How come? We’ve got quick docs, right docs, fast docs, city docs, desert docs and mountain docs working overtime. Every part of the country is covered. We’ve come all this way only to discover that technology can’t produce final loan documents until hours before closing.

Why are we wringing our hands over gift letters when we offer 100-percent financing to nearly everyone? If Uncle Norm is gifting the closing costs so the kids can buy a home with no down payment, why are we suspicious of him? Is it really going to matter if the kids default and lose the house? Unless you want to call and yell at him, leave Uncle Norm alone.

Bank statements and tax returns are other things that make us look dumb. Printing, copying and mailing these reminds me of the 1950s. What we are saying to our customers when we demand these is, “I think you’re lying to me.” Why can’t we just use the bank and Internal Revenue Service Web sites, read the data in real time, make up our minds and move on?

I don’t know what self-employed borrowers did to investors, but it must have been awful. They should organize and demand equal treatment. You can tell a self-employed borrower’s file by its weight. Just looking at the documentation tells you that our industry thinks self-employed people lie more than employed people. Why can’t we just find their financial data on the Internet, read it and approve the loan?
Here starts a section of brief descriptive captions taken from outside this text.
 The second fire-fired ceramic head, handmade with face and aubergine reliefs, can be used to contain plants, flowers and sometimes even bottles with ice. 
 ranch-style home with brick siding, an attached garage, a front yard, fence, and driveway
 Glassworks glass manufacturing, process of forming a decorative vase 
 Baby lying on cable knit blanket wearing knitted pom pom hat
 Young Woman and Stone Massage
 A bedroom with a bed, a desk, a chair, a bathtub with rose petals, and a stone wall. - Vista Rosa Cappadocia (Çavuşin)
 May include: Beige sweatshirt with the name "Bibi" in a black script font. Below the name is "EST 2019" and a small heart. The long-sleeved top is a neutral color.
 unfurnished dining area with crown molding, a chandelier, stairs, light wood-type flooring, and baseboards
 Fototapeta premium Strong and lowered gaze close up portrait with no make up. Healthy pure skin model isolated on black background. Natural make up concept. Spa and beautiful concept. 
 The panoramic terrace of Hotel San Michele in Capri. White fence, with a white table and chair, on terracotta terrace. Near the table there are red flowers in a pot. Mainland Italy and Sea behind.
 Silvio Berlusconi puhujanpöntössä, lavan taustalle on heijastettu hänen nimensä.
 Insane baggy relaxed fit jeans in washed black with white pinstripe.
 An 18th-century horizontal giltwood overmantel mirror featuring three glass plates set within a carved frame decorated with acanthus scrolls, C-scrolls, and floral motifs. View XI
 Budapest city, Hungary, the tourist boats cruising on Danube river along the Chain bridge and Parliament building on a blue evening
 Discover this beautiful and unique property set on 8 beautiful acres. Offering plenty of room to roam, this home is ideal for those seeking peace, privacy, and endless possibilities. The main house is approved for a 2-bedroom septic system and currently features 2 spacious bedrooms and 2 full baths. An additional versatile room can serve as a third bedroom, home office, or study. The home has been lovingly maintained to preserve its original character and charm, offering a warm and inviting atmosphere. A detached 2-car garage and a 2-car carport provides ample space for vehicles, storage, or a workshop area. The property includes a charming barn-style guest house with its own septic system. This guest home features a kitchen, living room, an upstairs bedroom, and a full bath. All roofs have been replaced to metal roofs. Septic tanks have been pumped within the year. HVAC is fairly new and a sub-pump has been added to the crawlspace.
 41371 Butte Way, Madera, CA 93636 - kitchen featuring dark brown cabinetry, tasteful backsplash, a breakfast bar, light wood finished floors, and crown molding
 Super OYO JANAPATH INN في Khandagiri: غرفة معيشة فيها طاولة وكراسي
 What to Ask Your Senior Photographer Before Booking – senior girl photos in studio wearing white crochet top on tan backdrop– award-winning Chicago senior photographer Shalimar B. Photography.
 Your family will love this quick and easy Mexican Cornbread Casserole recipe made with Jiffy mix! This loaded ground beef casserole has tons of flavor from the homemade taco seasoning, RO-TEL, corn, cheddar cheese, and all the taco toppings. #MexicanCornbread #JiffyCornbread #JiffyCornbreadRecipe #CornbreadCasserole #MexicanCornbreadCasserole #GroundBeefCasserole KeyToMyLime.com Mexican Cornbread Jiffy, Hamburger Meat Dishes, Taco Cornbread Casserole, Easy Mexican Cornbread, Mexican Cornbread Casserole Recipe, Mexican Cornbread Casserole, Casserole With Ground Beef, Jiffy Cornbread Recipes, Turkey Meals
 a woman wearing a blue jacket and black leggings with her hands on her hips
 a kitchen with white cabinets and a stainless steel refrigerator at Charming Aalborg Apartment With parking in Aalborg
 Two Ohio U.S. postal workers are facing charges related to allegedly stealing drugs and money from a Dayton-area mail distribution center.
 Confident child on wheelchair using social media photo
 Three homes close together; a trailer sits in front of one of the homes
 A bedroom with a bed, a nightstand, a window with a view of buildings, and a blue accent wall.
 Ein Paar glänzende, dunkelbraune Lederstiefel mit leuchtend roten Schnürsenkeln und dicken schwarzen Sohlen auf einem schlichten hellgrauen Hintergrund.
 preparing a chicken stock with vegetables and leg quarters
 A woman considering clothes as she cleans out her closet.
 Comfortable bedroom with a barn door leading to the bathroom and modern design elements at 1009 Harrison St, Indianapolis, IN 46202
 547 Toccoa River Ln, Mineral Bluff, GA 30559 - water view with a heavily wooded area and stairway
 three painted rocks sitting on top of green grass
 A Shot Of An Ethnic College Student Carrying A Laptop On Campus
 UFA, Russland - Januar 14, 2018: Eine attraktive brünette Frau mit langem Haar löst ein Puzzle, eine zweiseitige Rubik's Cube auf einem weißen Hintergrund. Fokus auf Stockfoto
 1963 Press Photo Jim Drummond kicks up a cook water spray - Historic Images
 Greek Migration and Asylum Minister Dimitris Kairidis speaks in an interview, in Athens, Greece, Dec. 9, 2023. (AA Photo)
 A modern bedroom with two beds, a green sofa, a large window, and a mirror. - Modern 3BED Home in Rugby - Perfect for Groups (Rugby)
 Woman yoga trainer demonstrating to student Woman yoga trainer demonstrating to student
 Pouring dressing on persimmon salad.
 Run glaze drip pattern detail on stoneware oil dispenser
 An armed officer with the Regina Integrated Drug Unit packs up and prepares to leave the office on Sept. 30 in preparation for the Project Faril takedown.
If stated income is OK in some cases, why isn’t it OK in most? We can simply add a sentence to the mortgage: “If you lied about your income, you will be considered in default. We can take your home away from you and fine you $85,000.”

Anyone can see their own merged credit report online, so why can’t lenders do the same? Why are we printing and stuffing them in loan files? How about providing live access to the reports during underwriting? People can print out a copy at their own expense. Someone must have figured out that credit reports change almost daily. Keeping them in permanent loan files is like saving your calendar in hopes that the year may come back.

My best idea: Why not prepare all of the final loan documents at application? Sure, there will be changes. but it’s easier to change something than to start from the beginning. Besides, it will keep many of your customers from shopping around. Just say, “You’ve already signed your final papers, it’s too late.” It will surely cut down the wait time.

I’m willing to bet that someday we’ll be using a few of these ideas. Technology should bring us one-hour approval and two-day closings — except for Federal Housing Administration and Department of Veterans Affairs loans. We’d have to get all the mandatory disclosures and warnings on one compact disc so borrowers could certify they’ve watched it.

You may find this hard to believe, but 50 years ago nearly all lenders made mortgage loans using three ingredients: a complete loan application; a good credit report (without scores); and a believable property appraisal. I’m willing to bet my best recipe for blueberry crunch cake that delinquency and foreclosure rates are about the same today.